From the get go, the first track, you can tell that Jackson isn't taking the audience on the standard ride. One needn't even necessarily listen to know that this album, produced by Bluegrass standout Alison Krauss, is going to feature a different timbre, a different feel, and have a different appeal. Opening track "Anywhere on Earth" confirms this theory as a simplistic arrangement with prominent piano lines and subtle, reserved vocals from Jackson take over. Upon first listen, you think that Jackson is being too soft or selling out, but truth be told, the performance chills beyond its obvious simplicity.
"Good Imitation Of The Blues" yet takes a different approach than "Anywhere On Earth". Here, electric piano (in country music mind you!) is employed, specifically yielding a clavinet sound. Coupled with that soulful, "bluesy" sound is then a fiddle and an electric guitar. Just the arrangement/production here make for an interesting stirring listen, minus Jackson himself. Despite the instrumentation, the track remains light, but yields enough soul for the most soulful listener. Is it brilliance defined? I think so!
As with most title tracks, "Like Red On A Rose" isn't the biggest standout of the album, yet it is much better than a majority of title-tracks. Here, there is again a nice lazy feel, this time in a six-feel, with background vocals supporting Jackson's lead in select spots. Not my favorite, but still first-rate at minimum. "Nobody Said It Would Be Easy" is another strong, consistent track, making for 4 straight strong tracks in a row.
"Don't Change On Me" is definitely one of my favorites on this exceptional album. While this track does obviously have a country appeal, there is a certain soul here, moreso than on Jackson simplistic PRECIOUS MEMORIES album. While that affair was traditional Gospel, there is a more inherent soulfulness here as Jackson croons over lovely organ and piano work. After the electric feel on "Don't Change Me", Jackson returns to more earthy roots with the acoustic-based "Firefly Song", which again features top-rate songwriting if nothing else.
"Wait A Minute" is my "other" favorite, featuring lovely piano, sparse guitar, rhythm, and the most tasteful organ performance of the year. The laziness of this track is the desired sound and it makes for a stunning performance. Jackson's phrasing here in particular is among the best it is through out this entire "tour de force". After "Wait A Minute", Jackson again doesn't let down with the great "Had It Not Been You" and "Woman's Love". From there, there is the first slightly pronounced decline in the quality, but it is so subtle that proceeding tracks are all above average.
With that said, LIKE RED ON A ROSE is my favorite country album of 2006. It trumps or competes head to head with the best of country in 2006 which includes the low profile Dixie Chick and Johnny Cash's exceptional posthumously released AMERICAN V. Touch competition, but Alan Jackson may just have the edge with this exceptional release. 4 stars+.
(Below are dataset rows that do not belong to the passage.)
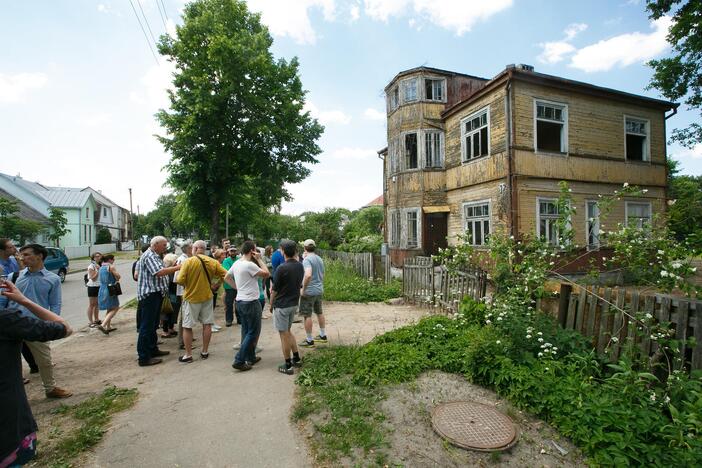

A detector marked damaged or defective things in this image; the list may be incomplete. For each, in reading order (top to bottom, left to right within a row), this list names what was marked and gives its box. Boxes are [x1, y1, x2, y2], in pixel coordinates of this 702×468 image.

broken window [402, 78, 418, 103]
broken window [426, 78, 448, 101]
broken window [424, 130, 446, 168]
broken window [462, 109, 490, 162]
broken window [536, 101, 568, 153]
broken window [628, 116, 648, 161]
broken window [464, 200, 492, 245]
I listened to it one time through and thought...what the @#&%?!
I put it down a few days and put it back on my CD player. I feel much better about it now than I did a few days ago. It is a departure of sorts for Alan...not what one would expect. However, I believe this album will bring him some critical acclaim from those who normally don't listen to his usually "Gone Country-esque" style. It's pure...it's simple and sometimes understated. But isn't that AJ?